Step 3: Turn non-essential steps into add-ons
Once you have the essential steps, everything else becomes an add-on. So your “blog rate” would only include outlining, drafting, and editing. If your client wants you to interview someone, conduct additional research, upload the blog into their CMS or something else, that’s an add-on with an additional fee.
This framework has the additional benefit of automatically giving you multiple service offerings for the same product. For example, you can sell an “Essentials” package for clients with lower budgets that are willing to take on some of the work while selling a “Premium” package for a client that needs a lot of other tasks completed.
2 - Work Funnel Framework
Freelancers often focus on a specific work task and ignore the rest of the project (leaving it to the client or other freelancers). The Work Funnel Framework helps you remain focused on your specific skills while also capturing add-on opportunities.
First: Identify the whole project process
Take your work and put it in the context of the project. Where does it fit? What other work is being done? What’s the ideal outcome?
Option 2: Go one step ahead (or behind)
Think about what your client has to do right before you start work or what they do once you deliver your work. These might be tasks you can take on and turn into project add-ons. In freelance development projects, for instance, your client will often have to train their internal team on your code base and how to work with it after you deliver.
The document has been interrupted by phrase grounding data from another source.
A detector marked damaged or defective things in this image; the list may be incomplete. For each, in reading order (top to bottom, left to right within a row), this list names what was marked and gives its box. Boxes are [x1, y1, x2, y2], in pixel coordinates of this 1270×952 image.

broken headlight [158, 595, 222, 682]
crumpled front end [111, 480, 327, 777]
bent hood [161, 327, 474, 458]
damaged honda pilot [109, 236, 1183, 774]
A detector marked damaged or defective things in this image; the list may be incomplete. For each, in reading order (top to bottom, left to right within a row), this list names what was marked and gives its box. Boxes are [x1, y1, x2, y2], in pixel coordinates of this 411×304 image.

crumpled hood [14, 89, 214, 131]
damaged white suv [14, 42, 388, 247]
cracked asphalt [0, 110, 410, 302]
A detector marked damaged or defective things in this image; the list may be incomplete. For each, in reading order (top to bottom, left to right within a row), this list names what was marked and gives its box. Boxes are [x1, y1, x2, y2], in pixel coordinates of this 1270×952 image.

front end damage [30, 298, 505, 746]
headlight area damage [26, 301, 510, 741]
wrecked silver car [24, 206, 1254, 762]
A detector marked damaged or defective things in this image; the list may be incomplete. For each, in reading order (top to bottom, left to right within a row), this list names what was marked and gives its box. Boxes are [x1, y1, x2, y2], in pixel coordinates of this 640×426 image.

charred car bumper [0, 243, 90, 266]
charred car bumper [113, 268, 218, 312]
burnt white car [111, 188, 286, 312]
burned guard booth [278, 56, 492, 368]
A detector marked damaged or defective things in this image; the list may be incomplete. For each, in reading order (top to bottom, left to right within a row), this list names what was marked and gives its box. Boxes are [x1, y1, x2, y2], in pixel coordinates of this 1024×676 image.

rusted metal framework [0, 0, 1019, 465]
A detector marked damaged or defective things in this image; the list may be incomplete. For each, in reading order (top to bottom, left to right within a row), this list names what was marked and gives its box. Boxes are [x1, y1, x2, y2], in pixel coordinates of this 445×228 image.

You could potentially do the teaching, charging an add-on fee.
Option 2: Craft project-specific add-on offerings
Once you’ve identified every step in the project, think about which ones you can offer. If, for example, you’re doing freelance UX design for a new product launch website, could you also do the UX design for social media posts and email announcements? The more you understand about your client’s project outcomes, the more add-ons you can develop that still fit your core skill set.
3 - Holistic Outcome Framework
Treat your projects like a wedge in the door to help your clients. If you start with one small project, use the Holistic Outcome Framework to think about how your skills may apply across the whole organization.
Horizontal specialist: If you have a very specific skill set, consider adding an offering where you become that skill set for the whole company. Instead of just being a freelance art designer for the marketing department, for instance, you could do all the art in the company including internal things for HR, sales decks, and more.
Adjacent tasks: Think about how your skills transfer to other tasks. For example, a blog writer could likely do research reports or podcast transcription. These adjacent tasks can even become standalone offerings if you build up experience and enjoy the work.
Educator: If your client is hiring full-time employees to take over your project work, you can become the niche educator that helps onboard these new employees. Similar to adjacent tasks, teaching could even become a standalone offering or product.
Add-ons will save you time and money
As you think about growing your business, think about add-ons as a way to increase your rates. The three frameworks above can help you map out additional work that may be required on a project and walk your client through rate increases for these additional services.
Not only will add-ons help you make more money and more closely match your work to a client’s needs, but you will also avoid scope-creep issues because you can point to your rate card when a client asks for more work.